Apparently, gays have not been getting that message from the Christians they know. In church circles, the fight is over God’s love versus God’s law.

A few weeks ago I was talking with a local activist about a woman we both know and he interrupted me with, “Oh, the lesbian.” With that one word he dismissed this woman’s entire existence. His rejection cut me like a razor. Multiply his attitude times the thousands of Christians with similar sentiments, and you’ve got a church that no longer sings, “Just As I Am,” but “Only If I Conform to Their Demands,” about coming to God.

Once when Jesus went to a Pharisee’s house for dinner, a woman came in and, “weeping, she began to wet his feet with her tears, and wiped them with the hair of her head, and kissed his feet, and anointed them with the ointment.” In this story from Luke 7:36-50, Jesus’ host is thinking that if Jesus was a real man of God, he would discern that the woman touching him is a sinner. Jesus says to him, “Do you see this woman?” (That’s what I felt like saying to the activist: “Do you see this woman? Or do you just see ‘lesbian?’ ”)
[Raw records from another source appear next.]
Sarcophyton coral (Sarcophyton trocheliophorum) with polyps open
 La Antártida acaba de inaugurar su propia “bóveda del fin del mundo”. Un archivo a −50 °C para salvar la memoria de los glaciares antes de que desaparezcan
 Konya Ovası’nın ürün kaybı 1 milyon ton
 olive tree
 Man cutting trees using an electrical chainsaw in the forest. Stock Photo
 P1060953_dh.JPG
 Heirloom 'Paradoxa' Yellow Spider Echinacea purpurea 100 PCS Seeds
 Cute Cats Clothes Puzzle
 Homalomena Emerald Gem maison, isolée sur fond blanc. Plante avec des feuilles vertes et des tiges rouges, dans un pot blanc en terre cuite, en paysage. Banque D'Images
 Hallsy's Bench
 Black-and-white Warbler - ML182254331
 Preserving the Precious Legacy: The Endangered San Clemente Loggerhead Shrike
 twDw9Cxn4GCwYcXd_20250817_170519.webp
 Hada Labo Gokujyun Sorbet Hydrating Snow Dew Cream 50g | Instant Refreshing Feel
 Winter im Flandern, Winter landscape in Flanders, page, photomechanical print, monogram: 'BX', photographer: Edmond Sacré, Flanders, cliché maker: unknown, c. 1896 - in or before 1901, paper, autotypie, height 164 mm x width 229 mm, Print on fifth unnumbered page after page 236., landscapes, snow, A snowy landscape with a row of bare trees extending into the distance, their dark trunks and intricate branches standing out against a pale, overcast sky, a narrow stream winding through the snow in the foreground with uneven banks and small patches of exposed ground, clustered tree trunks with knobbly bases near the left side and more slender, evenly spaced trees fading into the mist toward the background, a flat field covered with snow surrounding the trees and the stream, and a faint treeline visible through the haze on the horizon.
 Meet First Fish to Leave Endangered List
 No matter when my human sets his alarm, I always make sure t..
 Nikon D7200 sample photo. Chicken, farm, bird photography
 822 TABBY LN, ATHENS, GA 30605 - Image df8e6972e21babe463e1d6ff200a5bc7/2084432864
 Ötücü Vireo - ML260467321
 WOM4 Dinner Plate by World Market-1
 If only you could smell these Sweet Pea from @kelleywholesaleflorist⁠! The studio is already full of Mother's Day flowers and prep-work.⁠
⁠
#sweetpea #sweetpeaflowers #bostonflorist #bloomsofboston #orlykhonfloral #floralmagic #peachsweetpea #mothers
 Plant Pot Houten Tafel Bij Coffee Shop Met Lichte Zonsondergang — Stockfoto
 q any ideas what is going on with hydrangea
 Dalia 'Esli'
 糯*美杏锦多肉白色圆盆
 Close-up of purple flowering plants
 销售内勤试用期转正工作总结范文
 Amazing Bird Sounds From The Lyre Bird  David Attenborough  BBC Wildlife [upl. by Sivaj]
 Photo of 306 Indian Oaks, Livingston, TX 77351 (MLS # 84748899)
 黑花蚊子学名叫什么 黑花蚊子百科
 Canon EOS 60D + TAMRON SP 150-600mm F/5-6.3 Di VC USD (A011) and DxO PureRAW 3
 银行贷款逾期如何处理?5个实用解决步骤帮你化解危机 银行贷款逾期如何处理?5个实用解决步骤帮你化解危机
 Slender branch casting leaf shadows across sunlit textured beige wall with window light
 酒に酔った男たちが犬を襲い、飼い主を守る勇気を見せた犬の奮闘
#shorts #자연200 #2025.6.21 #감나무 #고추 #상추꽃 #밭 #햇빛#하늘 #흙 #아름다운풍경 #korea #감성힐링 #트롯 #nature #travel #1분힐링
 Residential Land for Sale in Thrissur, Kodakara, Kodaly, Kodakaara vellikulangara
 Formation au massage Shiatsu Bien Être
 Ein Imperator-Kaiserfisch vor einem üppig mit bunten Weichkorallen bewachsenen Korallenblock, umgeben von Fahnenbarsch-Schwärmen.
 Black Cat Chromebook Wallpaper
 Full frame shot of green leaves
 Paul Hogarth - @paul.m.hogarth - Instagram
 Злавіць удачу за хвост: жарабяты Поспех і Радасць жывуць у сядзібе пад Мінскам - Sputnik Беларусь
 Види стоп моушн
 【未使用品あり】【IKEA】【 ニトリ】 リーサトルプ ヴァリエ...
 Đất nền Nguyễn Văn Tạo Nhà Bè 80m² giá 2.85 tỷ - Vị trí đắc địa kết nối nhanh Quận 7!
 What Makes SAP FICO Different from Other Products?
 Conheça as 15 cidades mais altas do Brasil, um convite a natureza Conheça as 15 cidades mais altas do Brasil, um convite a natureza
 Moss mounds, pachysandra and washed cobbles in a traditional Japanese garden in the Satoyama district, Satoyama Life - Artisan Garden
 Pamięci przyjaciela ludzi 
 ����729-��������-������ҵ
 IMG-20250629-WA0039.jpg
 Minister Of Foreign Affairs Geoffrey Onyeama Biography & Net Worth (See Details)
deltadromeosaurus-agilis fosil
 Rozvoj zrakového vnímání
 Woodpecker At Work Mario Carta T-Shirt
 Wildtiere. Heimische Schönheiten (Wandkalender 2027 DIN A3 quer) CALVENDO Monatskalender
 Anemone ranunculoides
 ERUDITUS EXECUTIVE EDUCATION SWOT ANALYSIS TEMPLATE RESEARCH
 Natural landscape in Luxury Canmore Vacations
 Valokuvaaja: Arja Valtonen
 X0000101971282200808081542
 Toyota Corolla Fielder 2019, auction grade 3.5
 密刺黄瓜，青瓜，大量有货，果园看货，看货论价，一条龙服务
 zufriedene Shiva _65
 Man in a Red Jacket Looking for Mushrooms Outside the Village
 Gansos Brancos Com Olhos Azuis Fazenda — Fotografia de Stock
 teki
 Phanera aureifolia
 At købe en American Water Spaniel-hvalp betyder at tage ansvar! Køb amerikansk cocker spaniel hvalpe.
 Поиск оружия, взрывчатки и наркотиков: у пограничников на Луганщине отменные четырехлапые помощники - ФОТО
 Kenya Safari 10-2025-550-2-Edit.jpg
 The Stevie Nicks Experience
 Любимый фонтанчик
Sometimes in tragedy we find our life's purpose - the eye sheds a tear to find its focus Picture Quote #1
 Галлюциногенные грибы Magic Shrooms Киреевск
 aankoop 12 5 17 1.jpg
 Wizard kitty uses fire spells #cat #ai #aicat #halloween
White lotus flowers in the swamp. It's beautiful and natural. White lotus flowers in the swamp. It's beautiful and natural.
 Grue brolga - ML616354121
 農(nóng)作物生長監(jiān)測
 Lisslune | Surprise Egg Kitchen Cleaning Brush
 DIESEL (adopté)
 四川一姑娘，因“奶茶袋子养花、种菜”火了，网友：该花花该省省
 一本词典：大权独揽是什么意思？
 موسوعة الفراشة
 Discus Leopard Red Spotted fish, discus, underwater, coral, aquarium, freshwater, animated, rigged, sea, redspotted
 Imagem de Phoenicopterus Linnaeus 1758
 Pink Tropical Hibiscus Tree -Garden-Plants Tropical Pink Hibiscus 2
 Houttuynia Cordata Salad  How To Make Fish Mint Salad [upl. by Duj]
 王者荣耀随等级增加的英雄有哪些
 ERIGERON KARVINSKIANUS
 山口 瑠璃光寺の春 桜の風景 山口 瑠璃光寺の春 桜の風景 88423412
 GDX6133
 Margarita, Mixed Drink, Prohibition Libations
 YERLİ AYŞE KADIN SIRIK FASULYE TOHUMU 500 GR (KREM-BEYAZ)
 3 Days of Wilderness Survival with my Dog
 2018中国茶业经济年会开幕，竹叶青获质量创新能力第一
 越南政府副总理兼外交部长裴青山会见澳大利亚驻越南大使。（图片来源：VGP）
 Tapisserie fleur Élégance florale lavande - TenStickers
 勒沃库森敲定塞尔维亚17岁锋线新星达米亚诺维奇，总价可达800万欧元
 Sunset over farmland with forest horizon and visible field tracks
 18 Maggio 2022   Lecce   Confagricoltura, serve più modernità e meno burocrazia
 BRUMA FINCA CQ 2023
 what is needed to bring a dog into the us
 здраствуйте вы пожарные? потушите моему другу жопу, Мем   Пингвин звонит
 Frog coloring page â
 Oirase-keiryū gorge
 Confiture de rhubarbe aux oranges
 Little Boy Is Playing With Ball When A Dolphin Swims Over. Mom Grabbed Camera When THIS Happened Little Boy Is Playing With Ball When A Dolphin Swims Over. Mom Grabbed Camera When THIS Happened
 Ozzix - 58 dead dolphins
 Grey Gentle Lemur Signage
Then Jesus gets on the guy’s case for not being a good host, saying that the woman was much nicer to him. Jesus tells the Pharisee, “Therefore I tell you, her sins, which are many, are forgiven, for she loved much . . .” And he turns to the woman and says, “Your sins are forgiven.”

Jesus did not deny she was a sinner, but he loved her. His compassion shone through, over and above her sin. But with the church, rejection outshines any claims of love.
Tony Campolo talked to me about this at the Massanetta Springs Bible Conference. He said that telling someone you love them at the same time you reject them is “love without grace.”

“It’s like kissing someone with bad breath,” he said. “It stinks.”
The “love the sinner, hate the sin” policy is often a self-deceiving fallacy to explain away our repulsion for someone whose struggles we do not understand. Personally, I do not understand the struggle people have with homosexuality. Neither do I understand the struggles people have with alcohol, pornography or shopping.

But I do have my own struggles, some which have been with me since early childhood. Though I occasionally fantasize about them going away for good, I have come to understand some are just part me — my dark side, if you will. The best I can do — like Nash with his schizophrenia in “A Beautiful Mind” — is, with God’s grace, keep them at bay.

After talking with Campolo, I began to wonder if the church had 30 years ago loved and welcomed homosexuals the way it did us hippies — with our pot-smoking, free sex and foul mouths — perhaps it never would have come to this. It never would have been a divisive issue. Because when Christ takes people just as they are, he transforms them into what they were created to be.

We come to God because we experience his deep love for us, and as his law becomes written on our hearts, we become more like Jesus. We conform, not to each other, but to his likeness.

Though he is a conservative, Campolo’s wife, Peggy, is a spokesperson for gay rights. So he has numerous homosexual friends and acquaintances, none of whom chose to be that way, he said.

I thought about the struggles I did not choose.

Campolo said people on both sides of the homosexual question are sincere and that we must listen to each other.

Yes, we must really listen. And if we listen, we just might hear ourselves.